Estimation statistics is a data analysis framework that uses a combination of effect sizes, confidence intervals, precision planning and meta-analysis to plan experiments, analyze data and interpret results. It is distinct from null hypothesis significance testing (NHST), which is considered to be less informative. Estimation statistics, or simply estimation, is also known as the new statistics, a distinction introduced in the fields of psychology, medical research, life sciences and a wide range of other experimental sciences where NHST still remains prevalent, despite estimation statistics having been recommended as preferable for several decades.

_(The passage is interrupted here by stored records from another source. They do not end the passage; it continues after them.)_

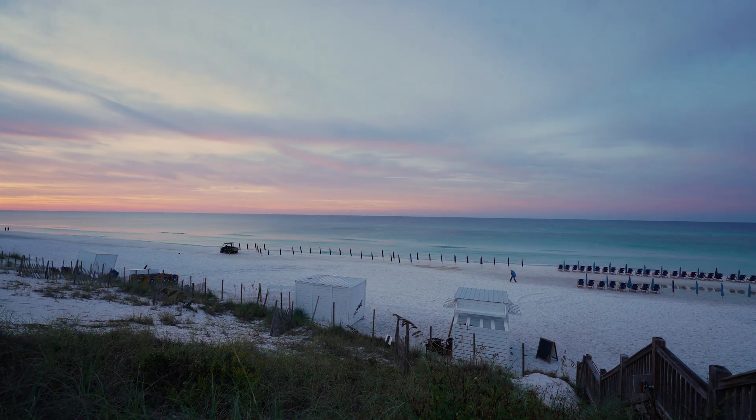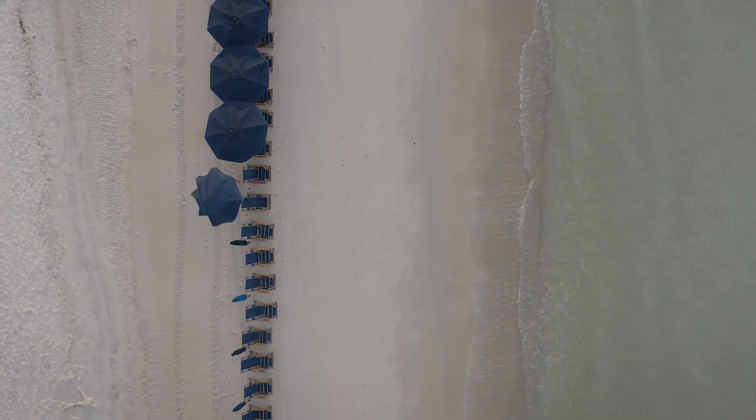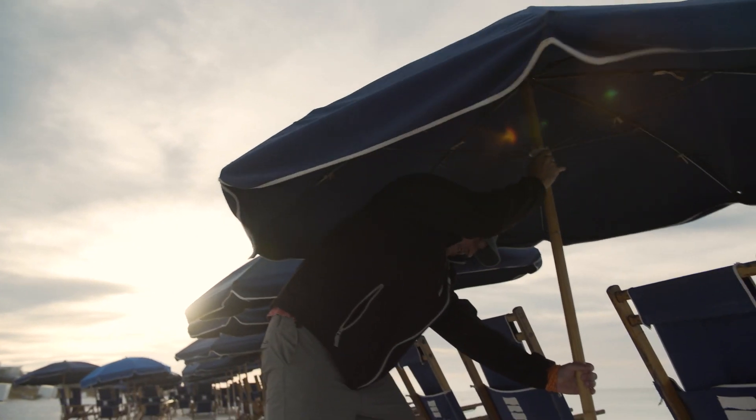Once we've got all the chairs set up, we open the umbrellas and then we put a tag of the guest's name in every one of the chairs so that we and them know where they're supposed to sit for the day.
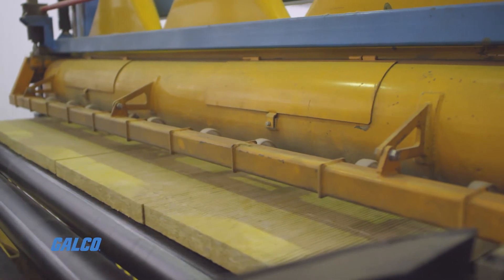Idlers vary by length, diameter, and type to match the width of the conveyor belt, the speed of the system, and the load they are designed to bear.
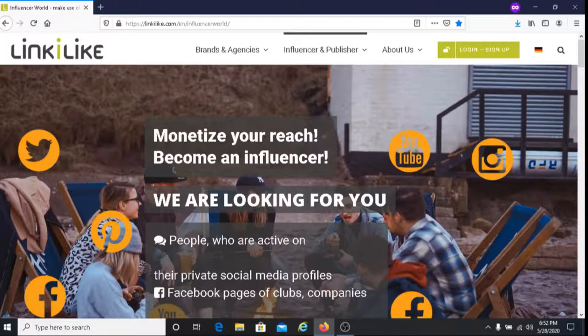Just a word of advice: if you're looking to make a little bit of money here and there, then LinkiLike is for you. This is not a get-rich-quick scheme. So if you're looking to make tons of money, I wouldn't recommend LinkiLike. But if you're looking to make a little bit of money here and there, then this is ideal for you.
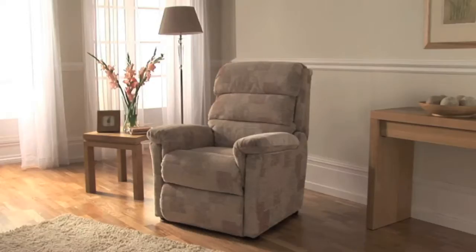Lazy Boy Lift and Rise Recliners. Comfort and control at your fingertips.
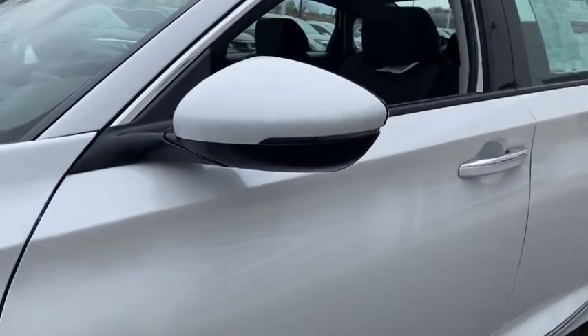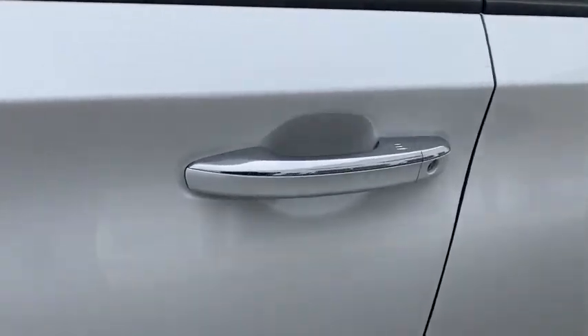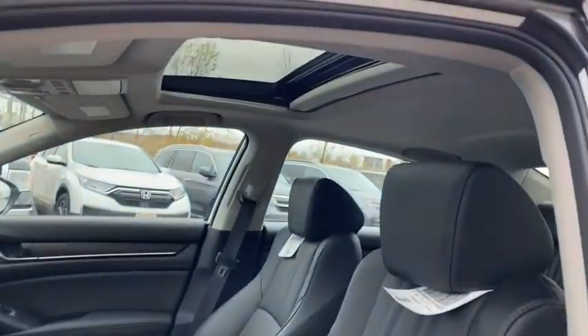If affordable style and reliability are what you're looking for, this vehicle couldn't be more perfect. Drive it today.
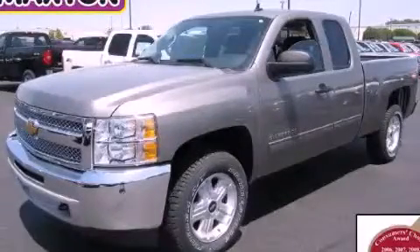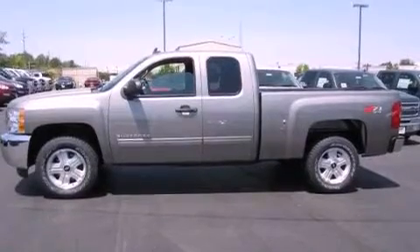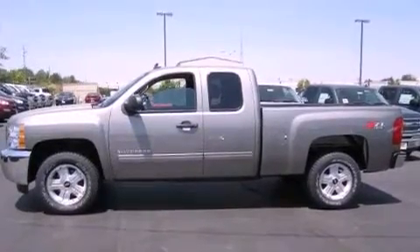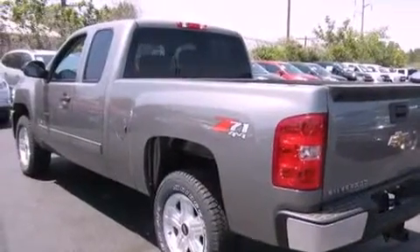This is a brand new 2012 Chevrolet Silverado 1500. It has what you need for work as well as what you want for play. It has a 5.3-liter eight-cylinder engine, an automatic transmission, and four-wheel drive.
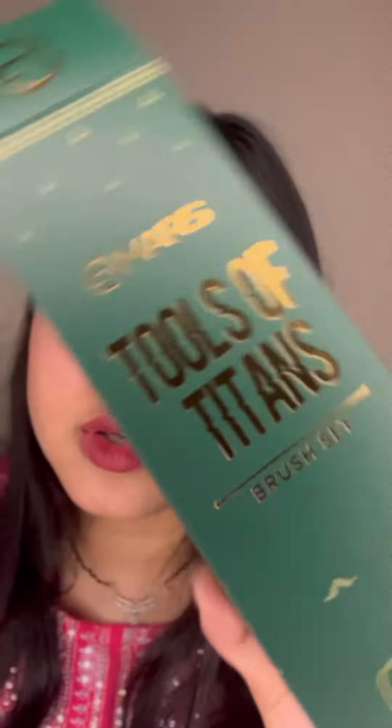These brushes are cruelty-free. They are super soft to use and offer precision and control required to express oneself with ease and comfort. I feel very good using them and that's why I'm recommending you to give these brushes a try.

The primary aim of estimation methods is to estimate the size of an effect and report an effect size along with its confidence intervals, the latter of which is related to the precision of the estimate. Estimation at its core involves analyzing data to obtain a point estimate (an effect size calculated from data used as estimate of the population effect size) and an interval estimate that summarizes a range of likely values of the underlying population effect. Proponents of estimation see reporting a p-value as an unhelpful distraction from the important business of reporting an effect size with its confidence intervals, and believe that estimation should replace significance testing for data analysis.
Physics has for long employed a weighted averages method that is similar to meta-analysis.
Estimation statistics in the modern era started with the development of the standardized effect size by Jacob Cohen in the 1960s. Research synthesis using estimation statistics was pioneered by Gene V. Glass with the development of the method of meta-analysis in the 1970s. Estimation methods have been refined since by Larry Hedges, Michael Borenstein, Doug Altman, Martin Gardner, Geoff Cumming and others. The systematic review, in conjunction with meta-analysis, is a related technique with widespread use in medical research. There are now over 60,000 citations to "meta-analysis" in PubMed. Despite the widespread adoption of meta-analysis, the estimation framework is still not routinely used in primary biomedical research.